Year of Graduation
Applying recursive tensor neural network model to sentiment analysis of internet shop reviews in Russian language
School of Applied Mathematics and Information Science
With an increase in the number of users that post their opinions on the internet, manual processing of opinions has become impossible. Therefore, the field of automatic sentiment analysis is developing rapidly. One of the recent methods of sentiment analysis, Recursive Neural Tensor Model, has showed much better results compared to earlier approaches of text analysis in English. The main goals of this study are to develop a program which implements this technique for texts in Russian, to reveal its advantages and disadvantages, and to assess a possibility of its practical application to sentiment analysis of internet-shop reviews.In order to test the model a sample of 247 reviews on a particular internet shop from Yandex.Market website was extracted. Each review contains a five-point scale rating of the shop’s quality. These ratings are considered to be estimations of the sentiment of each sentence in the review. For each sentence in the sample a binary dependency tree was constructed with the use of “АОТ” morphology analyzer and the programming module for interactive syntax analysis developed by the authors of this study. Reviewers’ original spelling in sample was retained though.The studied model was implemented using C++ programming language. It was compared with classic sentiment analysis methods, based on bag-of-words model, by the accuracy of binary review classification into two classes (with rating from “1” to “2” and with rating from “3” to “5”) using only one sentence from the review. The conducted experiments showed that though the studied model takes syntactic information into account, its accuracy is lower than the accuracy of one of the classic methods that does not require this information.

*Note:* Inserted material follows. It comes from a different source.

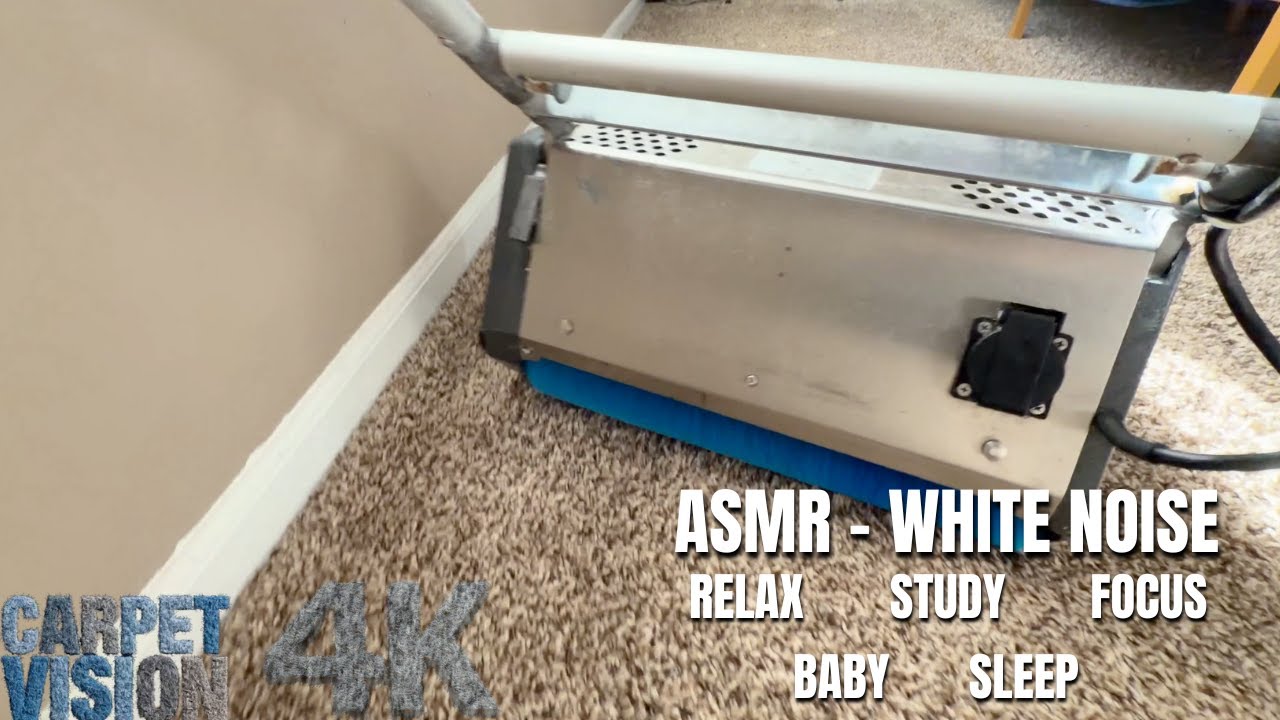 POV Carpet Cleaning | Deep Soil Extraction 🫧 Sleep Now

Moreover, it was noted that unlike classic techniques, for which accuracy tends to rise with an increase in the number of words in a sentence, Recursive Neural Tensor Model shows good accuracy for short and medium-sized sentences (up to 15 words) while its accuracy for long sentences is significantly lower.This behavior of the studied model may be caused by accumulating of a big number of grammar mistakes in the sample and also of the fact that unlike the original study an estimation of sentiment of each phrase of each sentence for the used sample is unknown.